To improve population health in Canada and reduce health care costs, we must change the paradigm toward prevention through lifestyle management by REPs integrated into the health system. We believe physicians in collaboration with experts in kinesiology need to lead this change and suggest that these and other relevant stakeholders take concrete steps to make this happen, such as increasing awareness of the scope of practice and abilities of Rkins, having relevant associations such as the Association for Family Health Teams Ontario and the Alliance for Healthier Communities build a case for the systematic integration of REPs into teams, lobbying the government for funding, allowing Rkins to be associated with FHTs or community health centres, and enabling Rkins to bill practices directly.
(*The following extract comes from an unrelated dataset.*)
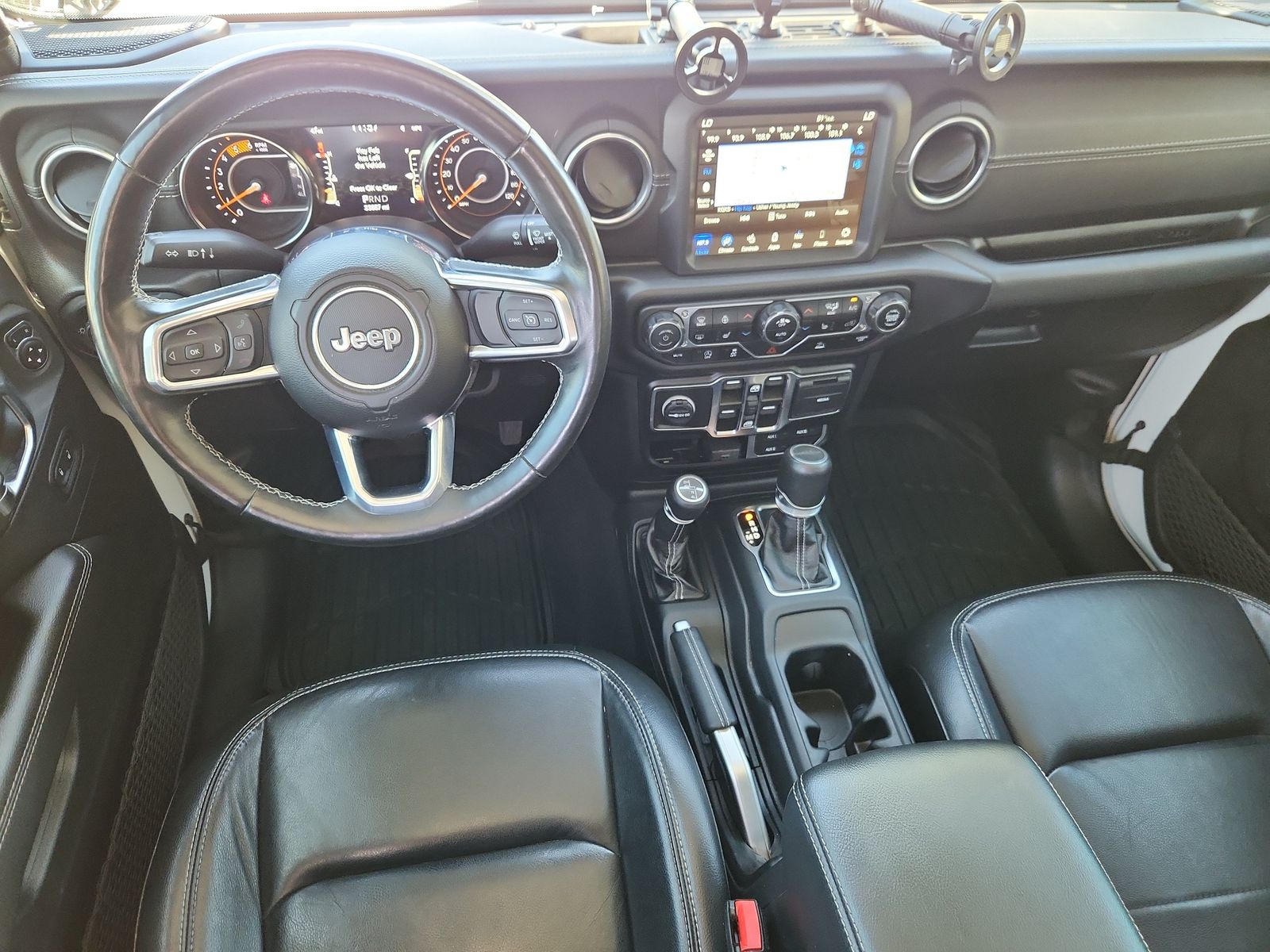 2022 Jeep Gladiator Overland - Photo 12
We could save hundreds of millions of dollars in health care spending and improve the quality of life of so many Canadians.17 So, what are we waiting for?
Footnotes
↵* A recognized exercise professional in Canada refers to a registered kinesiologist in Ontario or a clinical exercise physiologist through the Canadian Society of Exercise Physiology in other provinces. Some might be a registered clinical exercise physiologist with the American College of Sports Medicine.
Competing interests
None declared
The opinions expressed in commentaries are those of the authors. Publication does not imply endorsement by the College of Family Physicians of Canada.
This article has been peer reviewed.